*TASK DIRECTIONS*:
Please give back exactly the line with "More Photos Of" and each line after it through the end of the material, leaving out the pictures.

*EXERCISE INPUT*:
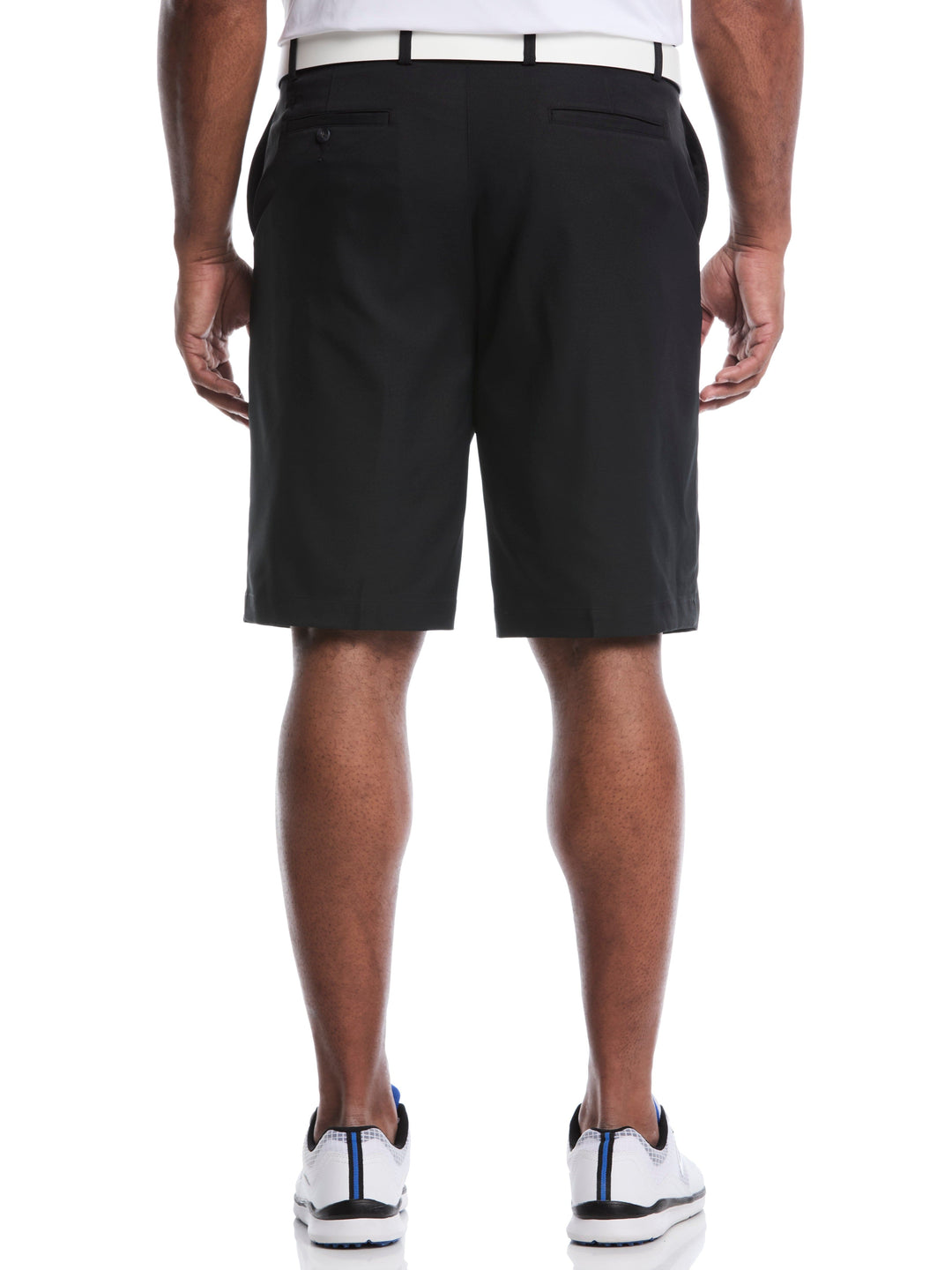 Men's Big & Tall Pro Spin 3.0 Performance Golf Shorts with Active Waistband (Caviar) 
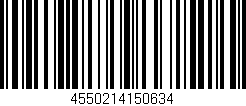 Código de barras (EAN, GTIN, SKU, ISBN): '4550214150634'
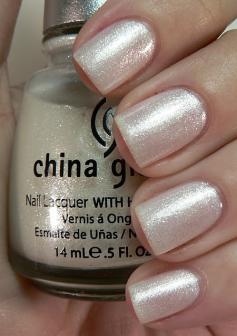 
                    
                        China Glaze Frosty - ugh there's no better polish than a super sparkly neutral
                    
                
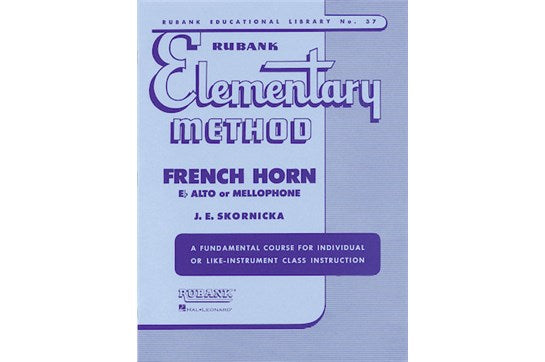 Rubank Elementary Method - French Horn
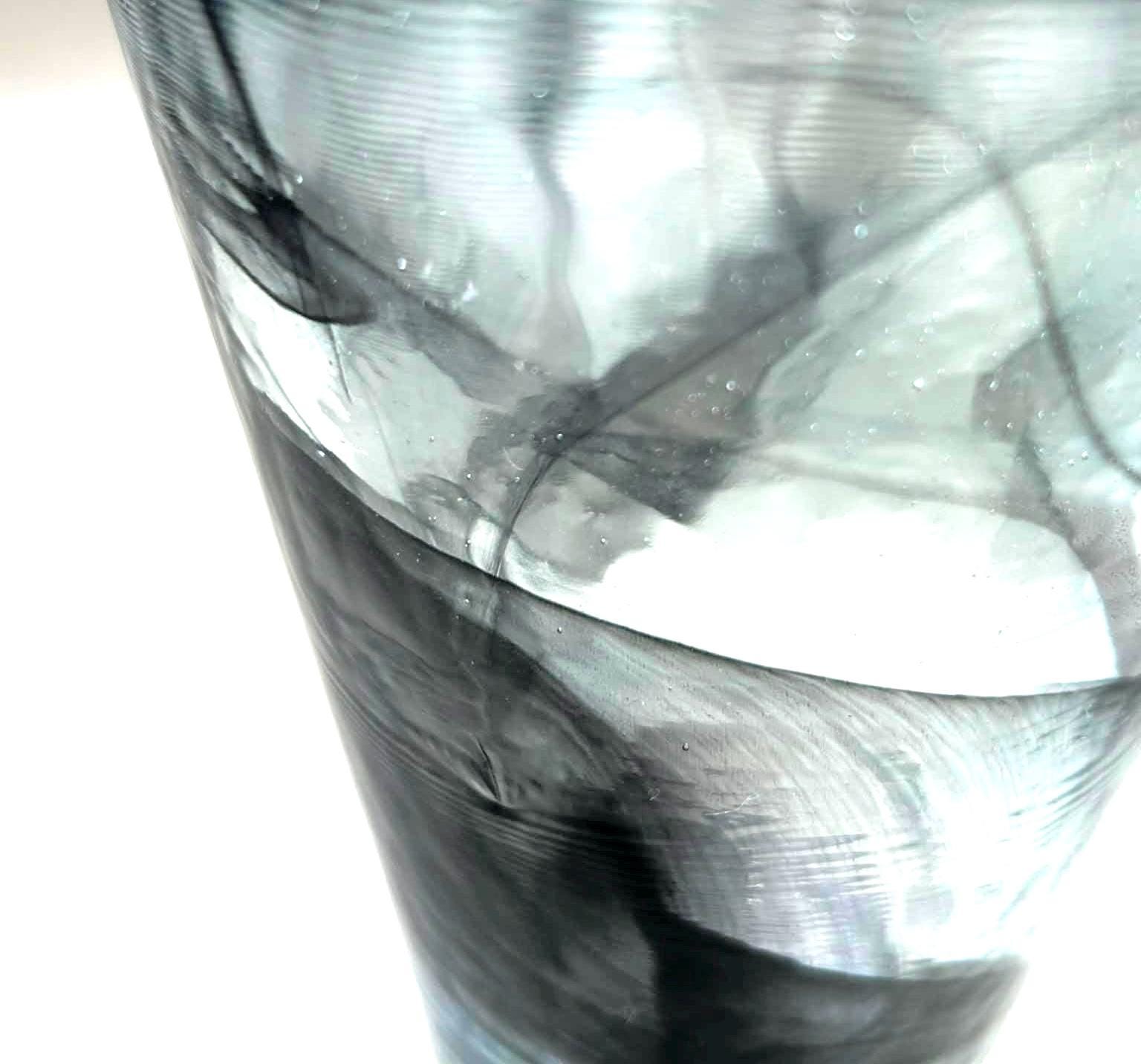 Vintage Kosta Boda Smoky Grey Art Glass Vase | Ulrica Hydman Vallien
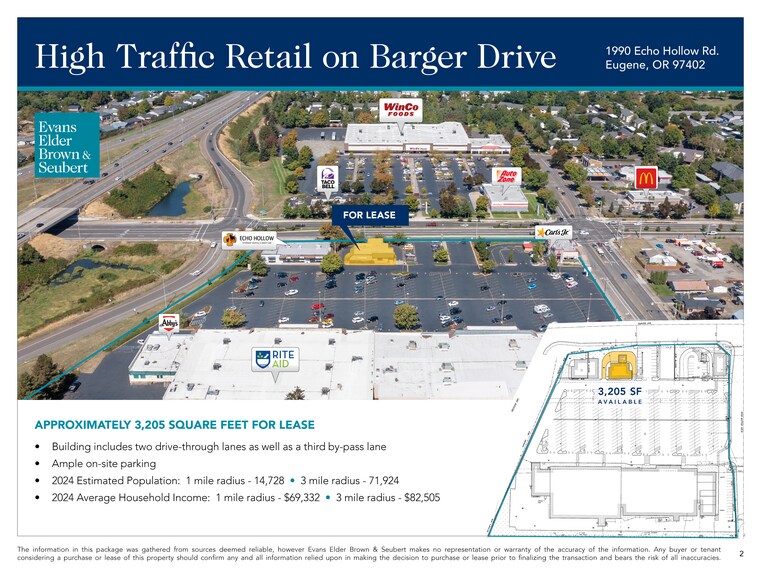 More Photos Of 1990 Echo Hollow Rd, Eugene Freestanding For Lease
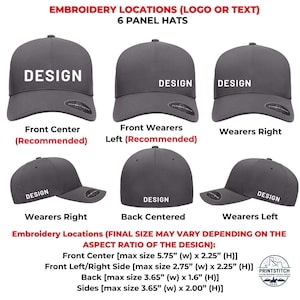 Custom Embroidery Flexfit Delta Hat: Personalized Logo or Text image 6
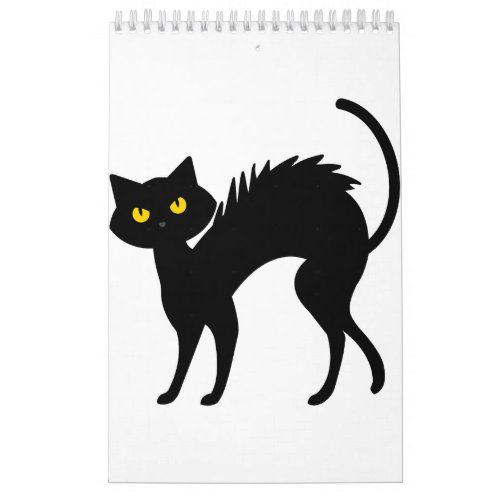 Black Cat Halloween _ Black Cats T_Shirt Calendar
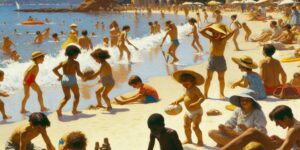 chicos en la playa sorolla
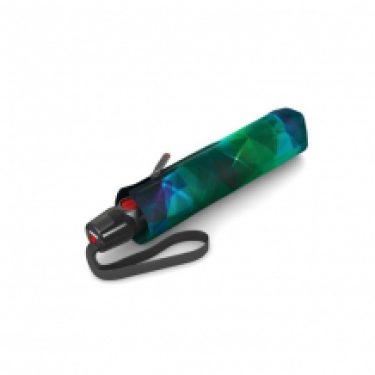 knirps autom folding umbrella jade;  closed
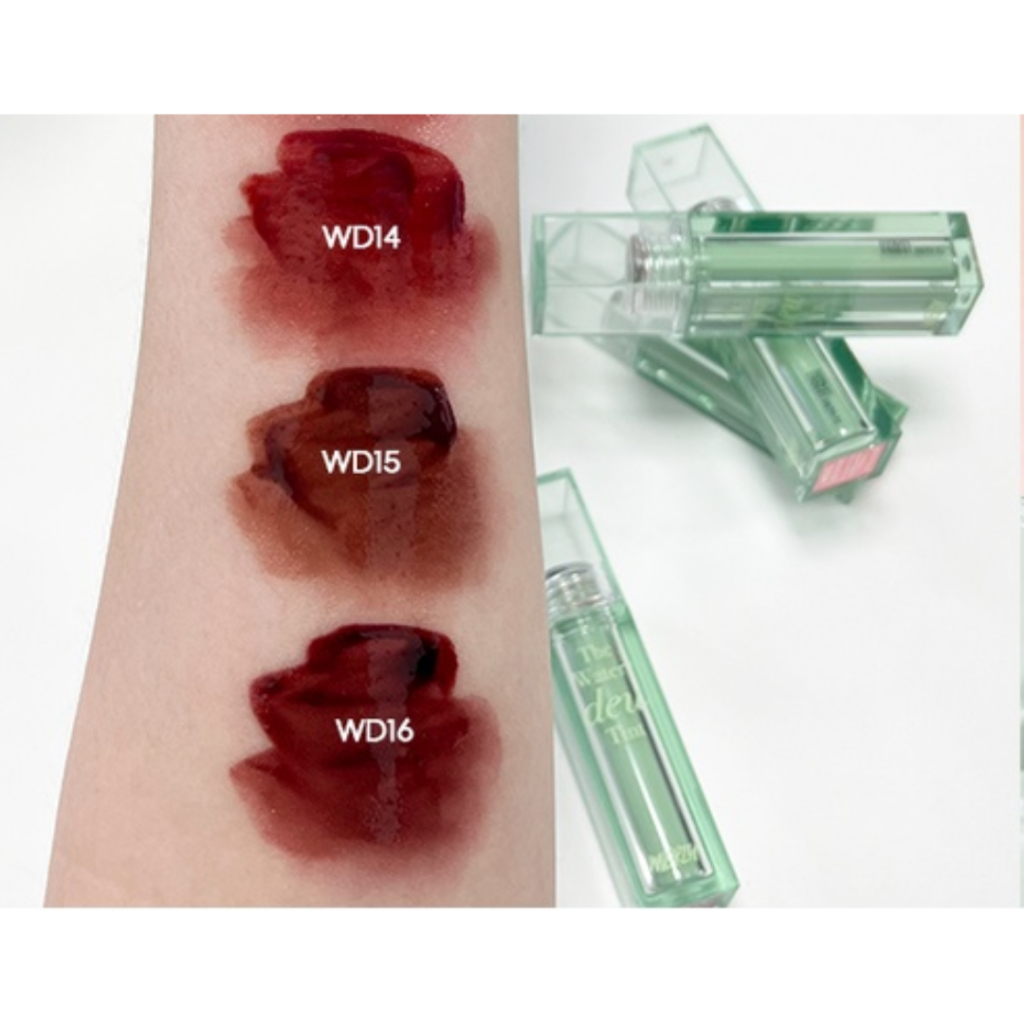 Son Tint Merzy The Watery Dew Tint Dạng Thạch Bóng, Bền Màu, Lâu Trôi Cho Đôi Môi Căng Mọng, Ẩm Mịn 4g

*WRITTEN ANSWER*:
 More Photos Of 1990 Echo Hollow Rd, Eugene Freestanding For Lease
 Custom Embroidery Flexfit Delta Hat: Personalized Logo or Text image 6
 Black Cat Halloween _ Black Cats T_Shirt Calendar
 chicos en la playa sorolla
 knirps autom folding umbrella jade;  closed
 Son Tint Merzy The Watery Dew Tint Dạng Thạch Bóng, Bền Màu, Lâu Trôi Cho Đôi Môi Căng Mọng, Ẩm Mịn 4g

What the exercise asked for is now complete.